Dean pushed closer through the underbrush hanging low over the river shallows until he was close enough for a good shot. Something he recognized all too well clawed its way into his throat and made breathing difficult, but Dean refused to let the emotion control him. He pulled the rifle out of his backpack and took aim, wincing as the dart found its target beneath the thick hide. Fascinated, Dean watched the bear snap its sharply curved teeth at the inaccessible dart. His body was drenched with sweat, which had nothing to do with the day’s heat and might haunt him as long as he went into the woods. He sensed the Indian watching him, but Steve said nothing. Unless there was no alternative, neither man ever would.
Five minutes later the black was sleeping under the effects of a tranquilizer, its movements no longer taking Dean back fourteen months into hell. While Dean released the trapped foot, Steve started checking the animal for evidence of parasites. It wasn’t until Dean parted the loose lips to check the animal’s teeth for an estimate of its age that he located what had robbed the bear of its health. A lower fang was sheared off close to the gum line, leaving an infected stump.
“Bit off more than you could chew, did you, big fellow?” Dean asked his sleeping patient. Now he could relax. The teeth and claws and muscle were immobile. “I wouldn’t be in a very good mood, either. Steve, you got those antibiotics? I think it’s time we turned dentist.”
Removing the stump with improvised tools took fifteen minutes and left the two men limp from the exertion. Finally, Steve applied medication to halt the infection, patted the snoring bear on the nose and then rocked to his feet. “Not a bad job, if I do say so myself. Of course, if it was a grizzly—”
“If it was a grizzly, we’d still be working on that tooth,” Dean admitted. “I had to remove one once a few months after college. Biggest damn thing I’ve ever seen. I had it made into a footstool.”
Dean’s joke was lost on Steve, who was closely gauging the bear’s breathing rate. “I think nap time is coming to an end. What say we mosey on down the road? Do you want to reset the snare?”
“Not this one,” Dean
answered. “There’s too much of our scent around.

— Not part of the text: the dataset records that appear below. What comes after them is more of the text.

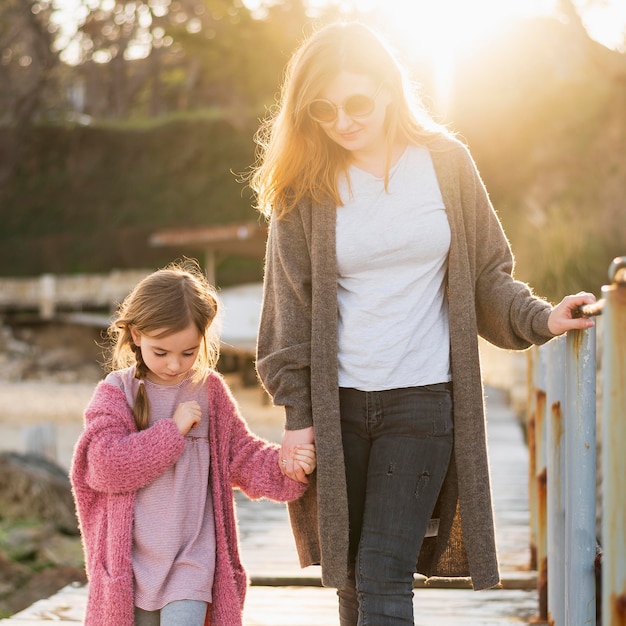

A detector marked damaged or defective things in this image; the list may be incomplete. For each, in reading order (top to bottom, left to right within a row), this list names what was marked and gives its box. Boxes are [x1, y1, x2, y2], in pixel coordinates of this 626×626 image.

rusty metal post [544, 336, 564, 624]
rusty metal post [560, 324, 596, 620]
rusty metal post [596, 255, 620, 624]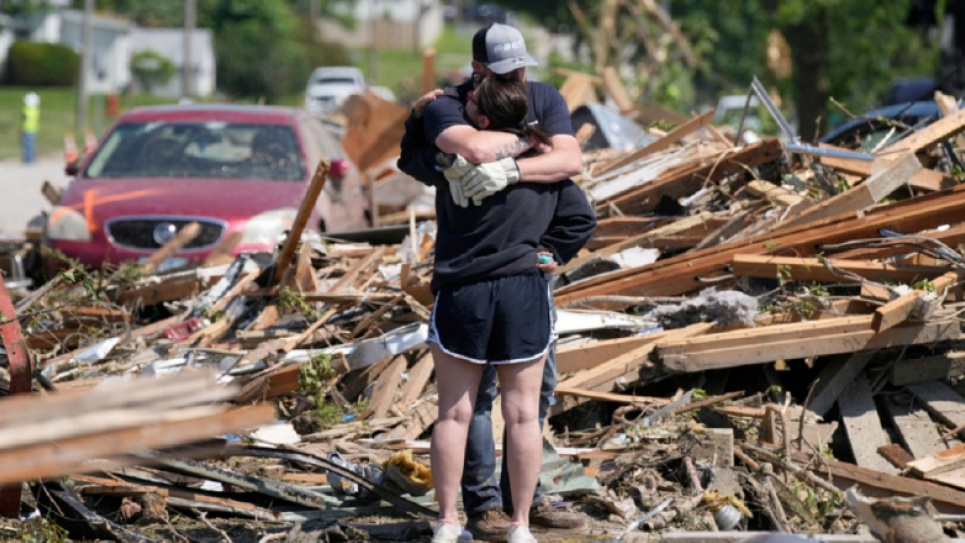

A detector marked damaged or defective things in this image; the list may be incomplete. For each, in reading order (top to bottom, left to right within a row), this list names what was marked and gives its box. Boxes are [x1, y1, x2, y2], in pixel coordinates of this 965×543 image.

damaged vehicle [40, 105, 370, 276]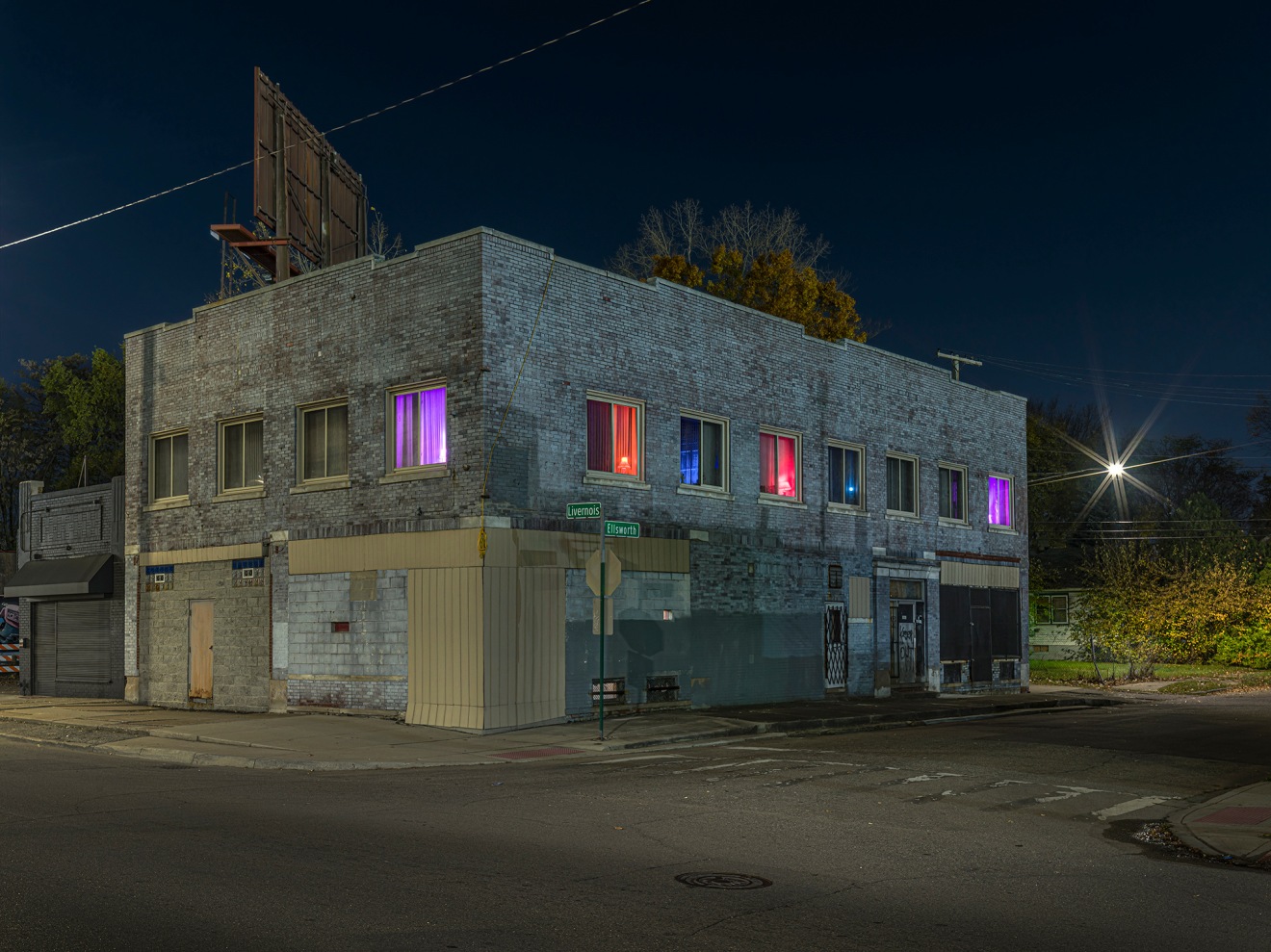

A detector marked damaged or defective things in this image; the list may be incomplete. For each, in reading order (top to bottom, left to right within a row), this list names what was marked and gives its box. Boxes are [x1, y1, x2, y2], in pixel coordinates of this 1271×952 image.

rusty billboard frame [250, 67, 366, 278]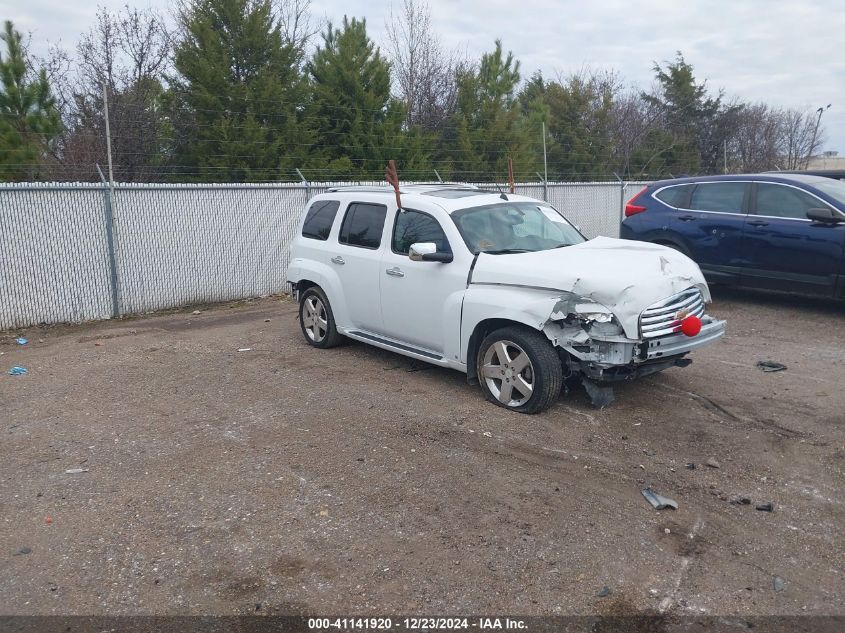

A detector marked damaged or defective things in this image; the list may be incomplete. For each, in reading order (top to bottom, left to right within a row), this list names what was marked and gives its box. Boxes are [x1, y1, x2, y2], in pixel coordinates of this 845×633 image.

crumpled hood [472, 235, 708, 338]
damaged front end [540, 286, 724, 404]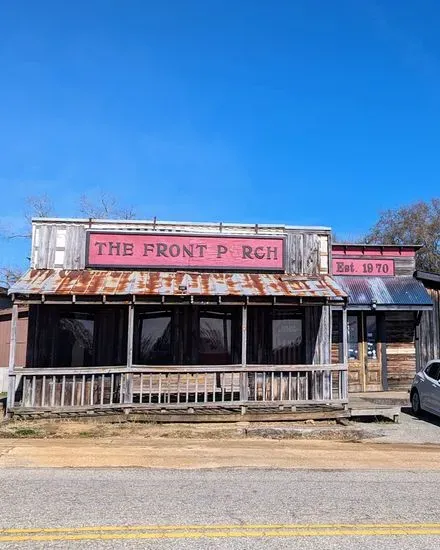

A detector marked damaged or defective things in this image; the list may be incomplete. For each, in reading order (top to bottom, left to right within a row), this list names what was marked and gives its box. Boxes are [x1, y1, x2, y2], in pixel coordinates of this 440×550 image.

rusted metal roof [9, 270, 348, 300]
rusted metal roof [336, 276, 432, 310]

Besides, we’d better start back to camp. It’s not going to be light much longer.”
Actually there were still three hours of light left, but it took most of that time for the men to tramp through the thick stands of ponderosa that clung to the ridges on their way back to the camp, which was situated some twenty miles out of Bigfork. As they walked, Dean took note of the long lenticular clouds floating downward to touch the mountaintops. Storms, he knew, could come with amazing speed.

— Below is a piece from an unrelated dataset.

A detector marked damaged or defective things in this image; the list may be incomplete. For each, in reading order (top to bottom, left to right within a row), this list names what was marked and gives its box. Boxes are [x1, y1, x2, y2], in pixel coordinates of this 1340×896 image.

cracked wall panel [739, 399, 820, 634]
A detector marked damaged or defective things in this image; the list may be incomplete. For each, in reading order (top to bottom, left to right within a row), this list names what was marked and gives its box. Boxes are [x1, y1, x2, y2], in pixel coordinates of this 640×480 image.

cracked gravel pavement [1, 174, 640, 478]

Dean’s and Steve’s pup tents were set up side by side between supporting evergreens near the base of a valley that served as one of the wilderness’s many drainage areas. They’d left enough space in the small clearing for Calley Stewart’s tent to be put up when she arrived. They’d managed to park Dean’s battered pickup within a hundred feet of the campsite, which was to their benefit considering the amount of equipment needed for the Flathead study.
Neither man had taken time to set up a campfire, because they were never in camp long enough to sit around a fire and because the forest was summer-dry. Working efficiently, they went about their tasks of starting the Coleman stove, bringing buckets of water from the shallow river branch running past their camp and opening packages of dried beef and mashed potato flakes and preparing a rare hot meal.
They ate with the quick efficiency of men who saw food as a means of fueling their bodies, washed their plates with water warmed by the Coleman, and then Steve announced that he was going to wash up before it got much cooler. “Save some of the warm water. I may shave.”
“Shave?” Dean frowned and buried leathery fingers in his beard. “I heard of that once. I’ll have to try it someday. Don’t take too long, will you? If I don’t get into some different clothes, I’m not going to be able to stand myself.”
“Yeah,” Steve said with a wink. “Besides, we’re going to have a female joining us. You wouldn’t want to chase her off on the first night.”